Surprisingly even such an important topic such as the nature of a resource URL is not an agreed upon topic in the REST community. One school contends that human-understandable URLs are crucial, while the other side argues that clients should not assume any meaning to the internal structure of the URL. Suffice to say, that the understandable URL makes a more compelling case in my opinion.

Resource relationships

Resources have relationships to other resources. These relationships can be expressed in two basic ways:

  • Relationships specified in the URL as a hierarchical name compound
  • Relationships embedded in the output representation
    • Target resource as link
    • Target resource with details

An example best illustrates the issue. Our video resource has a many-to-many relationship with genres (categories).

In the URL approach, the following URL would retrieve the genres of a given video: /videos/1776/genres. The core resource /videos/1776 would retrieve only basic data for the video. If you wanted to obtain any relationships you would have to issue another call. To get permissions for a video: /videos/1776/permissions.

<genres>
<genre>
<id>11</id>
<name>Animals</name>
</genre>
<genre>
<id>22</id>
<name>Sports</name>
</genre>
</genres>

The embedded approach returns basic data for the video as well as relationship information. You still have to make a decision if you want link or detailed information on the references.

Relationships as links:

<video>
<id>1776</id>
<name>Touching the Void</name>
<genres>
<link href="http://www.k2.com/service/v1/acc/genres/11" />
<link href="http://www.k2.com/service/v1/acc/genres/22" />
</genres>

Relationships as details:

<video>
<id>1776</id>
<name>Touching the Void</name>
<genres>
<genre>
<id>11</id>
<name>Animals</name>
</genre>
<genre>
<id>22</id>
<name>Sports</name>
</genre>
</genres>
</video>

There are advantages and disadvantages with all approaches and ultimately the choice depends on your intended uses cases. The situation is also complicated by the PUT and POST methods. Typically you would want to use the same representation (data format) for GET and PUT/POST.

The URL Relationship patterns can lead to a chatty protocol since if your use case typically wants to grab all information related to a video, you would have to make 1+n calls where n is the number of video associations.
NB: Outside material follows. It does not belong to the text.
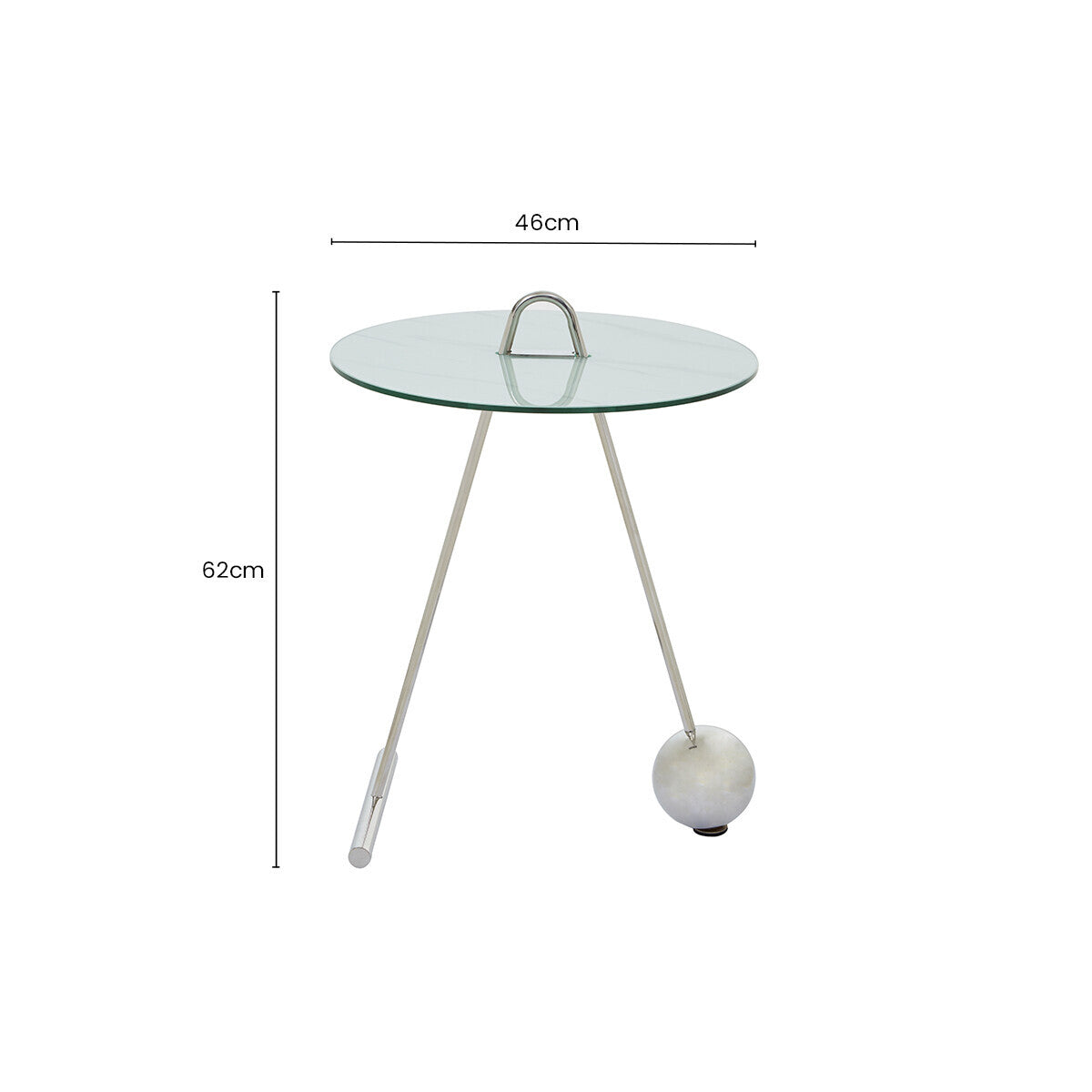 Oria White Marble Effect Glass and Silver Finish Side Table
It can be equally expensive to create or modify videos. Furthermore, if your object model requires mandatory relationships, the URL Relationship pattern cannot satisfy this requirement.

Google YouTube API uses the URL-based relationships. For example a video has an optional one-to-many association with comments. If there are comments for the video, the resource representation for a GET will contain a URL to a collection representing the comments.

<gd:comments>
<gd:feedLink href="http://gdata.youtube.com/feeds/api/videos/Vx4_OjyPqag/comments"   countHint="993"/>
</gd:comments>

Examples:

Make user explicit or implicit in the URL?

Most services have a concept of a current user (or account). The question then is, should we expose this user name in the URL or not?

  • /service/v1/USER/videos/1519
  • /service/v1/videos/1519

Both styles would require standard authentication. The case can be made that having the user name in the URL is redundant with authentication. On the other hand, if we want a richer URL hierarchy which would allow a user to access another user’s resources (with permissions, of course), then having the user name in the URL is important.


Resource Query Language

Any service will inevitably need some way to filter the amount of data returned. This is a complex topic, but it is worth to briefly examine some salient points. When designing a REST service, this can be a very important and time consuming task, so be prepared for significant effort.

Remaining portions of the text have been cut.